DATE: Wednesday, March 13, 1996              TAG: 9603130042
SECTION: CURRENT                  PAGE: NRV-2 EDITION: NEW RIVER VALLEY 
DATELINE: CHRISTIANSBURG
SOURCE: BRIAN KELLEY STAFF WRITER 


FIRST RINER SCHOOL BORROWING OK'D

Montgomery County has authorized borrowing $3.8 million this spring to start designing and building the new Riner elementary school.

Where the rest of the money to build the school, up to $5.8 million, will come from won't be clear until the county Board of Supervisors learns more next week about a financing scenario involving the New River Valley Community Services Board's hopes to renovate a Blacksburg office building.

The supervisors approved the $3.8 million in borrowing, through a bond sale of the Virginia Public School Authority, in a 6-1 vote late Monday, with Supervisor Nick Rush the lone dissenter.

The vote, which means the county should have the money this spring to begin the project, came after the board reaffirmed its intent to buy 30 acres for the school behind the existing Auburn High School, on land held in trust for a young Riner farmer, Ronald Salmons.

Board Chairman Henry Jablonski said the county staff and board members will negotiate with the Salmonses and "we'll see where things will go from there."

But Supervisor Joe Gorman asked if the county could still pursue the $3.8 million in bonds without a site.

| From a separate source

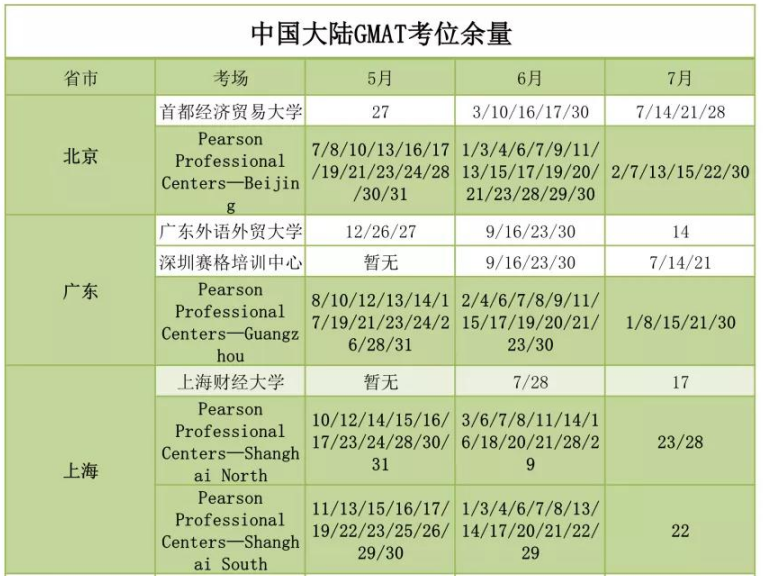 GMAT5月考位 GMAT5月考位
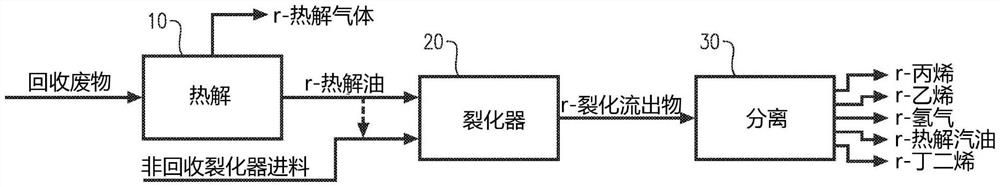 共裂化热解油和乙烷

"I think we have a site," Jablonski answered.

"Your crystal ball must be better than mine," Gorman said.

Also Monday, the supervisors directed the School Board to provide a detailed list of site requirements for future school building projects, including a new Shawsville high school. With information compiled - on acreage needed, road access, utilities, slope and so forth - the county can solicit land proposals from the public.

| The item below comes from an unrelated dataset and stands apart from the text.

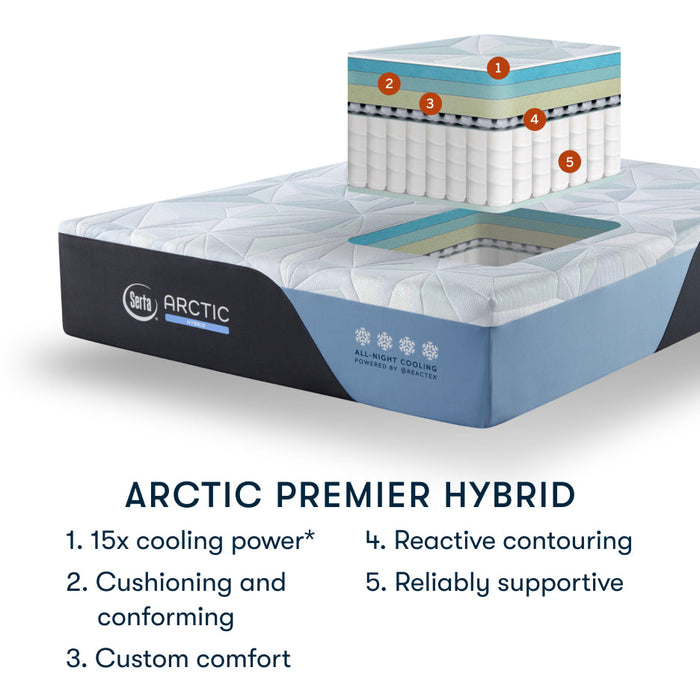 Serta Arctic Hybrid Mattress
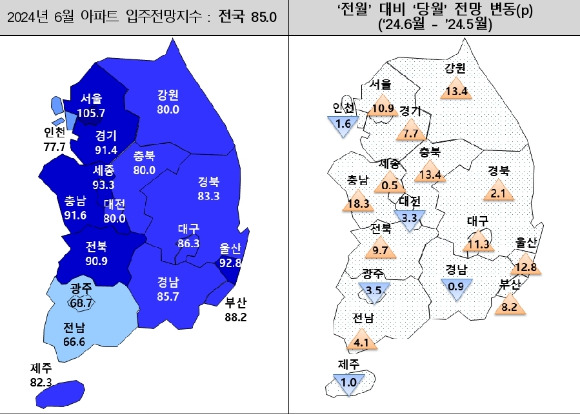 6월 아파트 입주전망지수와 지역별 전월 대비 전망 변동치 [사진=주택산업연구원]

But School Board members are concerned that the ultimate intent of the supervisors' action will be to shut the School Board out of the site-selection process. Last week, the School Board voted against the same idea.

Gorman, though, suggested it might help avoid the controversy that has surrounded the Riner school site acquisition. "We've just gone through the greatest fiasco that I've ever participated in," said Gorman, a veteran of 30 years of local government.

If the politics surrounding the new Riner school have been in turmoil, its financing got a little more complicated Monday when a lawyer presented a plan to get around a $10 million annual cap on county-endorsed borrowing. That cap, part of federal tax regulations, doesn't affect the school financing one way or another, but is crucial to the New River Valley Community Services Board's hopes to obtain low-interest financing to renovate a Blacksburg office building this year.

Before it can borrow $1.6 million for the project on University City Boulevard, the Community Services Board needs the county's endorsement.

Dan Siegel, a lawyer for the Community Services Board, suggested that rather than apply for a second Virginia Public School Authority loan this fall, Montgomery County could wait until January 1997 and apply for a state Literary Loan instead.

That would keep the county under the $10 million borrowing cap for this year and would save money - the Literary Fund's interest rate is lower than the school authority's.

Dan Morris, director of finance for the schools, said Tuesday that he sent a proposal to the county that used both funding sources.

Morris said the county could wait to apply for the second school authority loan until spring 1997, thereby allowing the county to assist the Community Services Board.

Staff writer Lisa Applegate contributed to this report.